Tue 06 Nov 2018
Commercial property rental is not the most natural first choice for portfolio investment, but the yields can be just a good with arguably less effort.
There are three categories of commercial property:
- Retail Property – supermarkets, retail warehouses, high street shops and shopping centres;
- Office Property – purpose-built facilities for businesses, complete with associated and essential services such as high-speed internet;
- Industrial Property – warehouses, garaging, storage facilities and industrial units.
For the average investor, finding the funds to buy an entire supermarket might be a bit of a stretch. With any buy to let property you will typically require a higher loan to value ratio (around 30 – 40% in many cases); therefore, initial outlay for a deposit is higher than a standard residential mortgage.
There are ways that you can invest in commercial property on a larger scale without needing to shell out mega bucks by yourself. First, you must evaluate whether or not investing in commercial property could be a good thing.
What are the Benefits of Investing in Commercial Property in the UK?
Compared to other European countries and the US, the UK benefits from a longer lease structure. On average, the UK has a lease length of eight years across the entire country with the exception of London where it’s even longer at between 10 – 15 years.
Residential leases can be as short as six months but more typically one year plus. Comparably, this is much longer and therefore potentially more secure. Essentially, your rental income on a commercial property investment is guaranteed at a set level for an extended period of time.
How Can I Invest in Commercial Property?
You may well be able to fund the cost of a standalone office unit, shop or small industrial unit. If so, there is no real difference in the purchase and subsequent rental process. You will be responsible for allocated maintenance as per the lease agreement and are solely responsible for the monthly mortgage repayments.
A wise option might be to pass on the property management aspect to a letting agent in order for the investment to be as hassle-free as possible.
An alternative way to invest in commercial property is through investment funds or trusts. With a lump sum investment of as little as £500 you can buy in to a fund that does one of two things:
- Directly owns properties;
- Buys shares in property-related companies.
Where an investment company owns the property, your return is based on their rental income and growth in value, much the same as residential property purchase.

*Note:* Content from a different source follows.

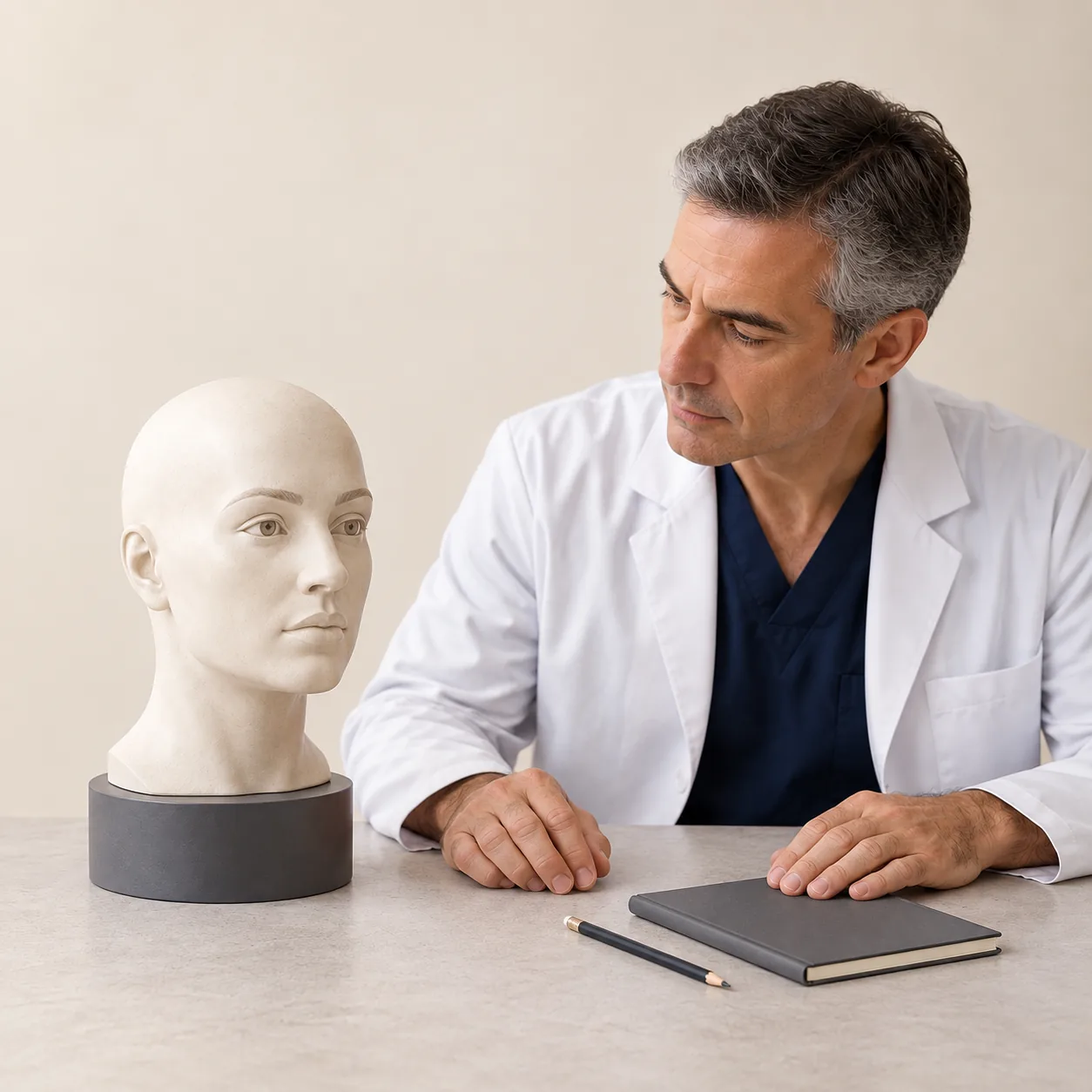 A fictional male clinician observes the upper eyelid and brow region of an intact artificial facial teaching bust beside a closed notebook and a separate pencil.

If shares have been bought, your return is based on the growth in the value of the shares and the payment of dividends.
Investing more directly in the “bricks and mortar” route, your income can be considered more secure. This is due to a lower risk of default than residential properties and standard upwards-only rent reviews. Additionally, where an investment fund is responsible for the purchase of a commercial property, you do not have the hassle of property management.
Investment via shares attracts the same risks and rewards as shares in any other business type. Whilst it’s not all “Wolf of Wall Street”, there is natural associated volatility when investing in the stock market. However, you have flexibility of easy liquidity (check the small print on your investment property fund clauses) rather than needing to wait for a sale of property to realise further revenue.
To sum Up:
The purchase of commercial property could be a good diversification move in your property portfolio. There is slightly less inherent risk resulting from national financial crashes that significantly affected residential property prices. Property on the whole is considered a good investment and continuing with direct bricks and mortar purchases means these assets are kept separate from the moving and shaking of the stock market.